Déjà, au sortir des émeutes, le philosophe Alain Finkielkraut avait assuré, dans le quotidien israélien Haaretz : " Il est clair que nous avons affaire à une révolte à caractère ethnico-religieux. " Ses propos avaient suscité un tollé et rien, dans les faits ni dans les analyses ultérieures, n’est venu accréditer cette thèse. Pour autant, l’élément religieux n’a pas été totalement étranger aux événements.

" Après la mort des deux jeunes de Clichy-sous-Bois, on était dans une flambée de violence classique qui retombait déjà. La goutte d’eau a été la grenade lacrymogène lancée sur la mosquée Bilal, de Clichy-sous-Bois, le 30 octobre, rappelle Alexandre Piettre, post-doctorant rattaché au Groupe sociétés, religions, laïcités de l’Ecole pratique des hautes études. Dès lors, les émeutes se sont propagées en France. " Pour le chercheur, " ce n’était pas du tout une révolte islamiste, mais quelque chose s’est joué en termes de support de mobilisation ".

Ce rôle de l’islam comme vecteur de l’action collective est peut-être l’une des évolutions les plus notablesdans les quartiers populaires ces vingt dernières années : " Le fait de partager une religion, donc des pratiques et une temporalité, permet de recréer un support d’action collective là où il n’y en avait plus, croit Alexandre Piettre. Il ne s’agit pas de se mobiliser au nom de l’islam, mais la religion joue un rôle de liant. "

Au-delà de sa dimension spirituelle, " dans les quartiers, l’islam fonctionne comme élément fédérateur et identitaire ", corrobore Patrick Simon, sociodémographe à l’Institut national d’études démographiques (INED). Ce phénomène accompagne la multiplication, dans les années 1990 et 2000, des lieux de culte – rompant avec un islam jusque-là refoulé dans l’espace intime – et le délitement des structures d’encadrement traditionnelles.

De nombreuses associations ont vu le jour localement pour porter des projets de salles de prière et elles ont investi les espaces délaissés : " C’est un islam banal de vie sociale, poursuit Patrick Simon. Les associations œuvrent à l’insertion à travers, par exemple, des activités d’éducation populaire. "

En plus de dispenser des cours d’arabe et d’enseigner le Coran, elles peuvent être actives dans des actions de solidarité, d’aide aux devoirs, voire de thérapie conjugale.
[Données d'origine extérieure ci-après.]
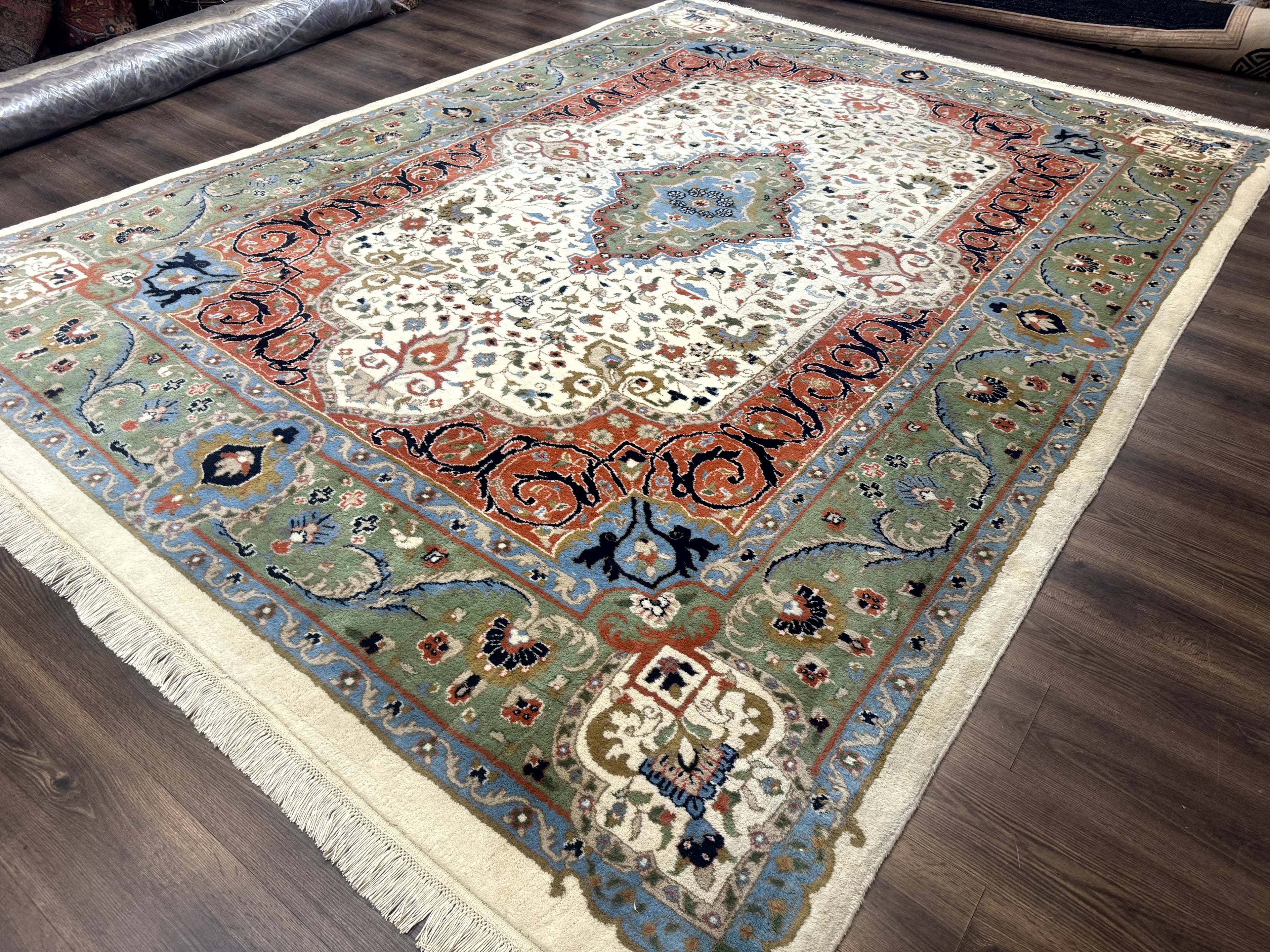 Indo Persian Rug 9x12, Ivory Red Green, Traditional Oriental Carpet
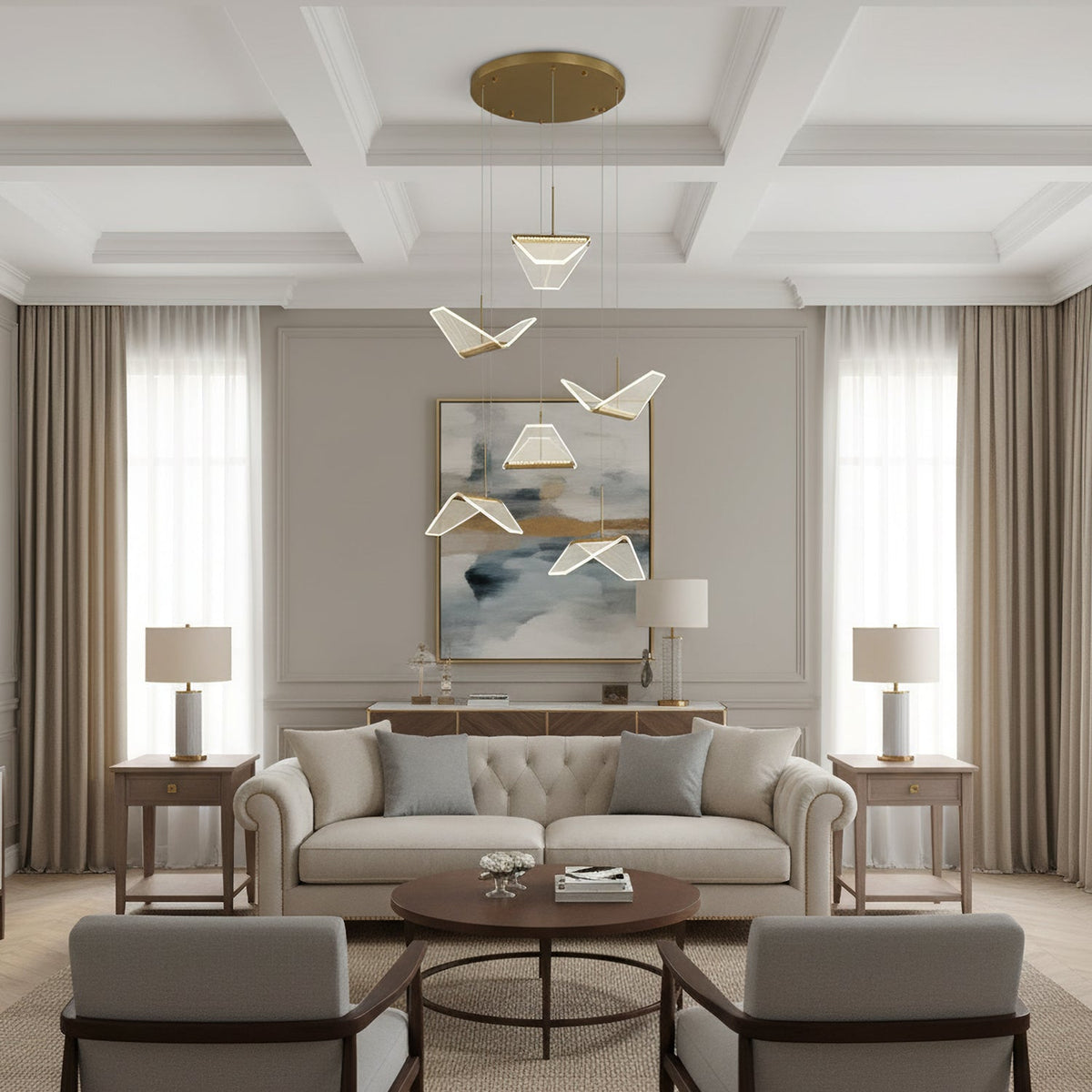 In a coffered-ceiling sitting room, this Clérachic pendant light hangs folded shades above a cream sofa and a round table.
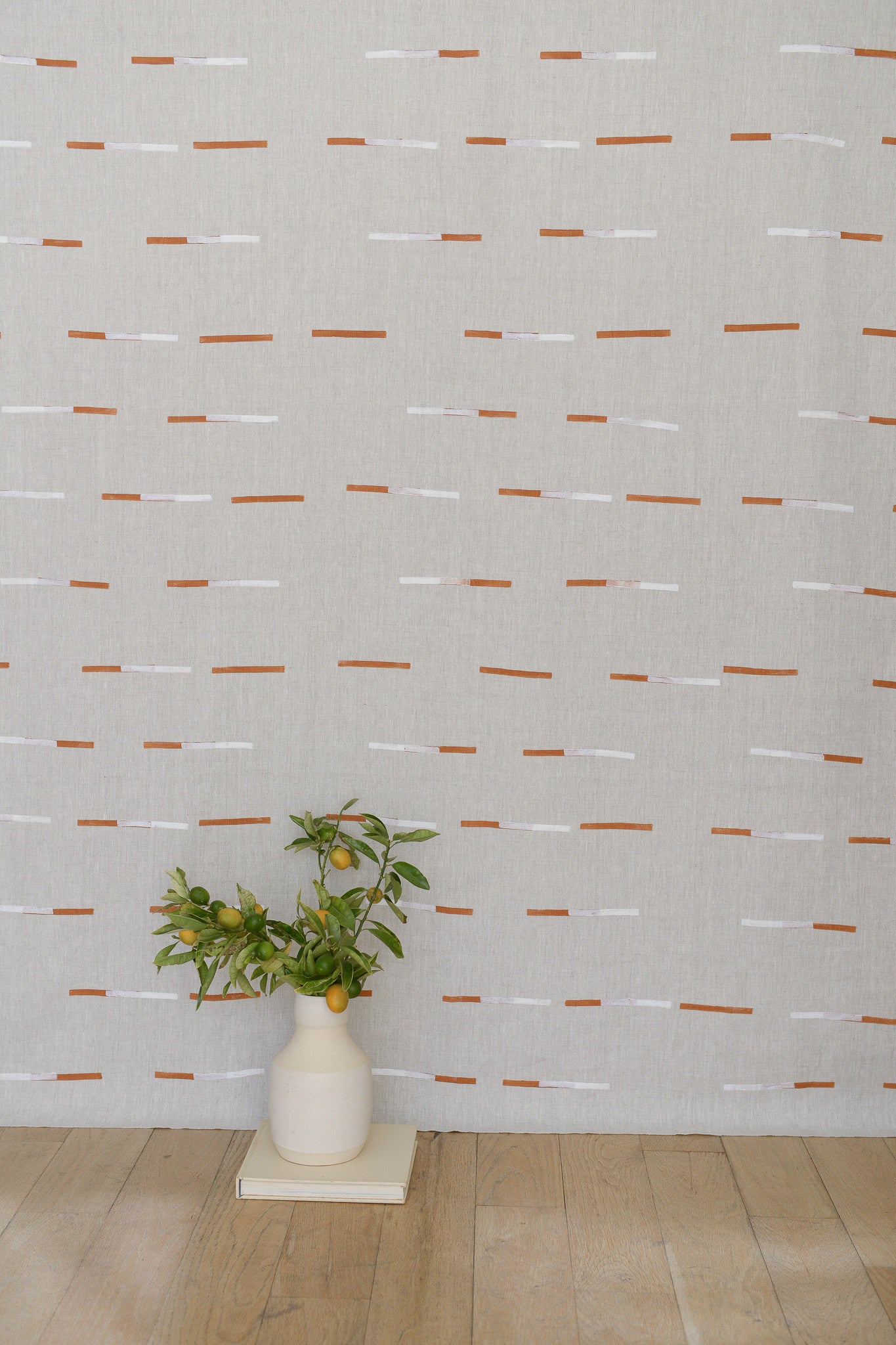 Overlapping Dashes Tan - Fabric By The Yard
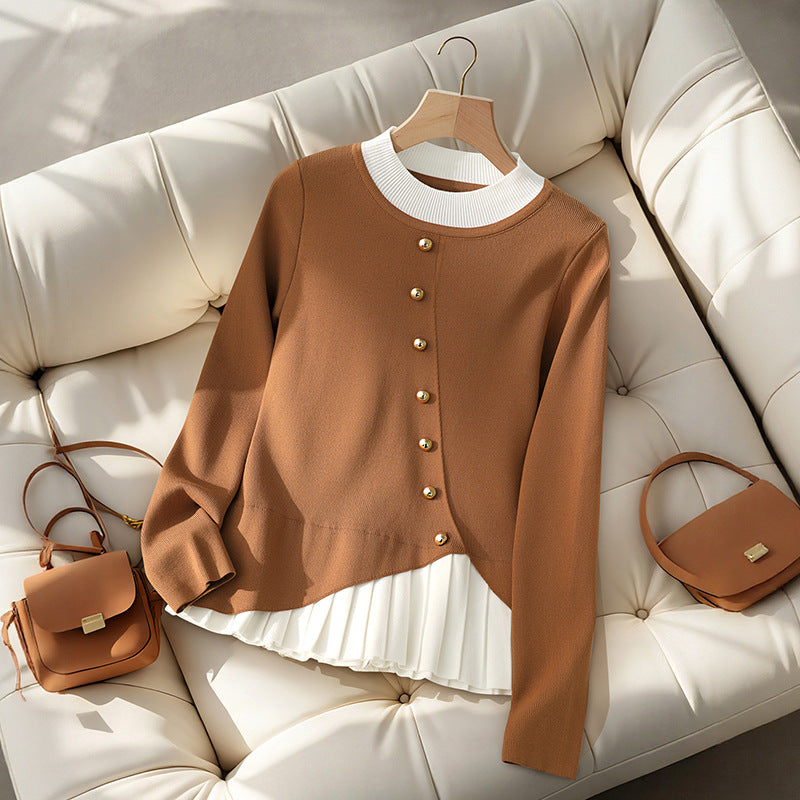 Damen Figurbetonte Strickbluse mit asymmetrischer Knopfleiste und plissiertem Einsatz Echoarchiv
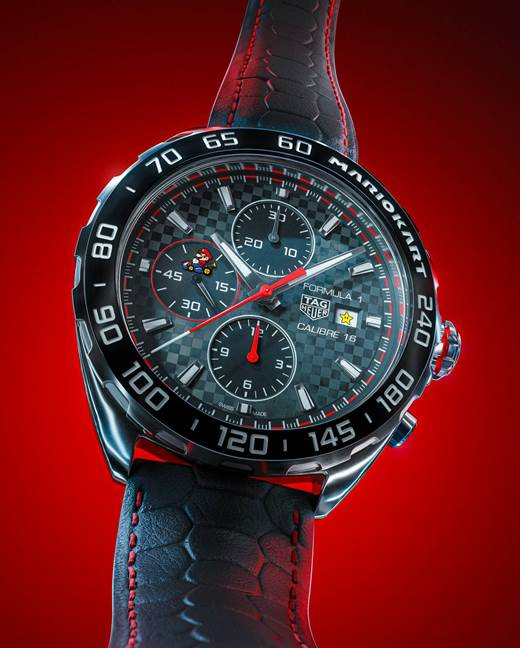 TAG HEUER泰格豪雅推出两款全新马力欧卡丁车 （MARIO KART）联名腕表： 泰格豪雅F1系列马力欧卡丁车限量版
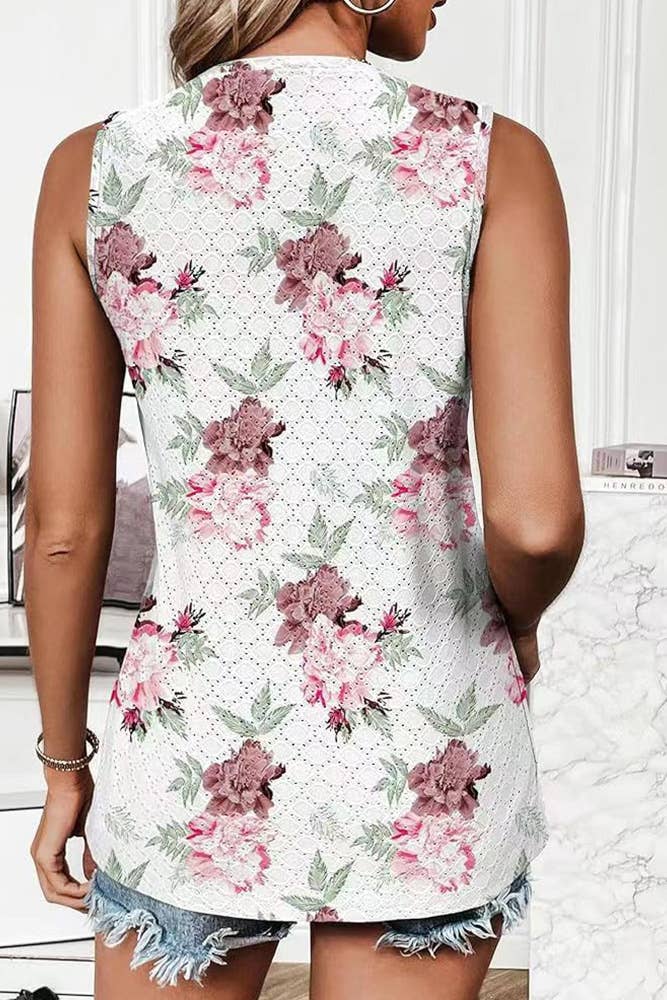 Solid Color Crew Neck Printed Tank Top HLL260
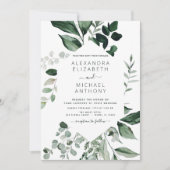 Emerald Green Wedding Eucalyptus Greenery Aankondiging (Voorkant)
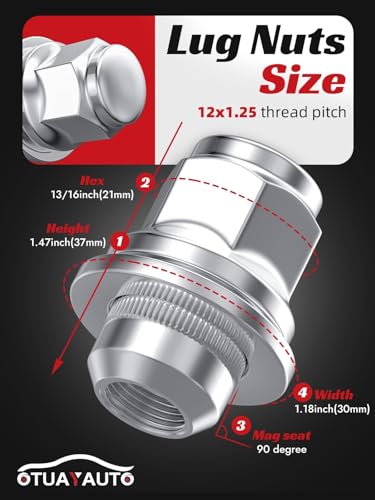 OTUAYAUTO M12x1.25 OEM Lug Nuts - Replacement for 2002-2025 Nissan Altima, 2008-2025 Rogue, 2012-2025 Pathfinder, 2006-2025 Sentra, 2020-2025 Kicks, 2010-2025 Leaf, 20PCS Chrome Factory Style Lug Nuts M12x1.25-for Nissan Wheel Silver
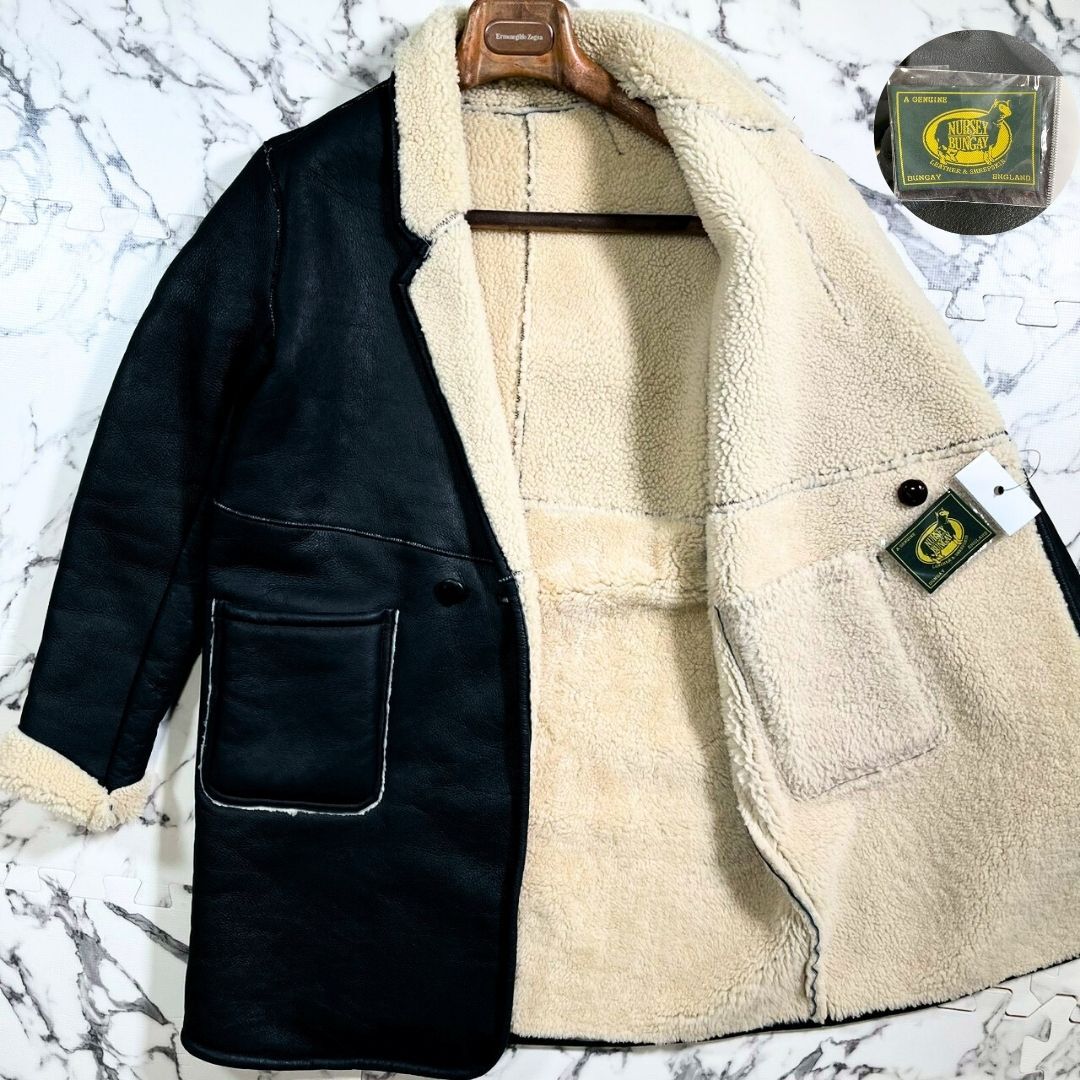 【新品未使用】リアルムートン●NURSEYS ナーシーズ ショールカラー ムートン チェスターコート シープスキン 黒 ブラック ラムレザー ML位拍卖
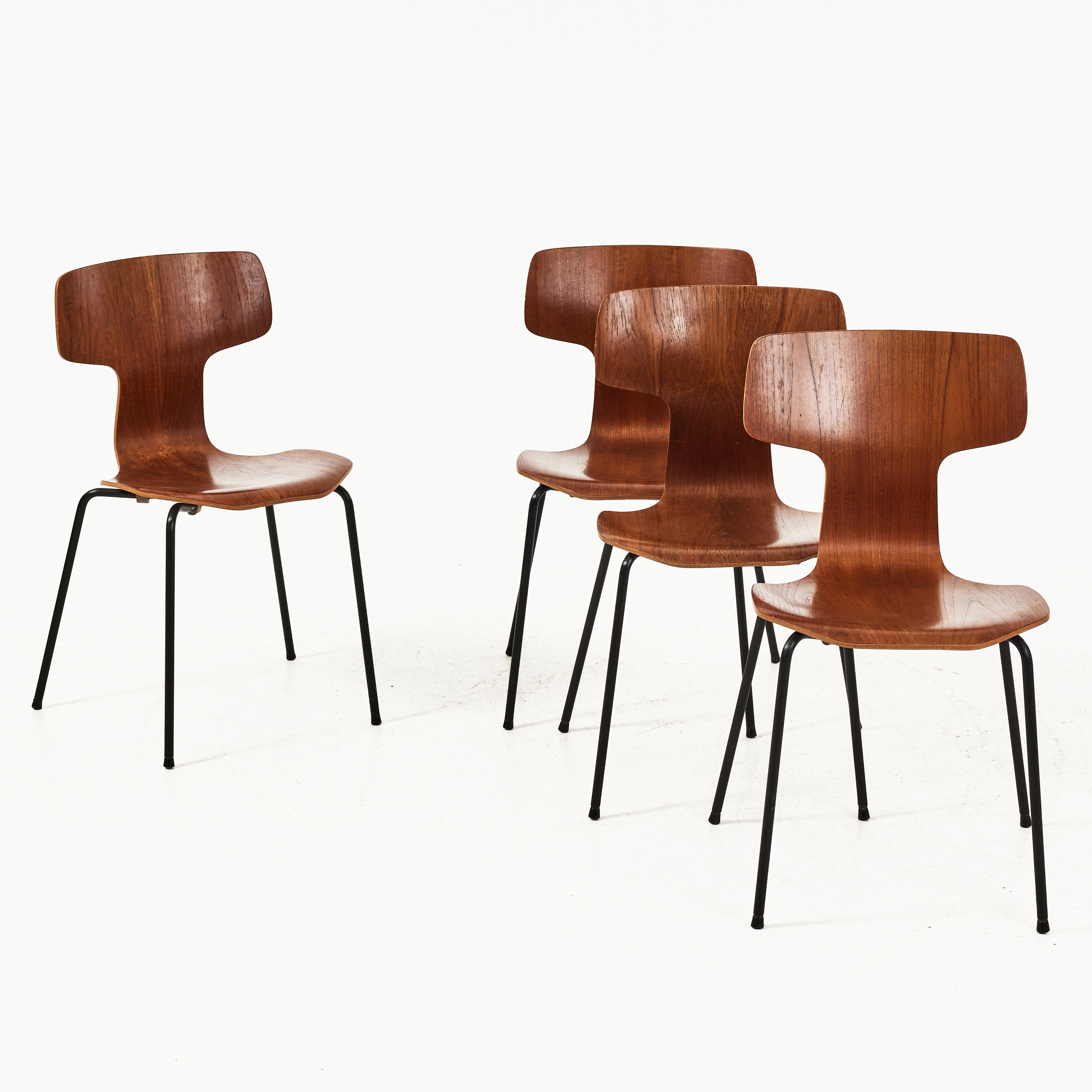 ARNE JACOBSEN, stolar, 4 st, "T-stol", modell 3103, Fritz Hansen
Soit " un périmètre croissant ", estime le sociologue Etienne Pingaud. Dans un contexte où la focalisation sur l’islam a pris de l’ampleur, son corollaire, la lutte contre l’islamophobie, émerge : " On voit se développer des mobilisations de quartiers avec une coloration musulmane. Contre l’interdiction d’accompagner les sorties scolaires faite aux mamans voilées ou contre la fin des repas de substitution dans les cantines… "

En 2011, le politologue Gilles Kepel avait mis en lumière la présence accrue de l’islam dans une étude, " Banlieue de la République ", réalisée à partir d’observations de terrain à Clichy-sous-Bois et Montfermeil (Seine-Saint-Denis). Il y évoquait notamment une fréquentation plus régulière des mosquées, une pratique presque systématique du ramadan pour les hommes, une conception plus extensive du halal… La thèse de Kepel d’une " affirmation de valeurs islamiques de clôture communautaire ", en rupture avec la République, est contestée par une partie des chercheurs. Mais son constat d’un islam plus prégnant et visible est unanimement partagé.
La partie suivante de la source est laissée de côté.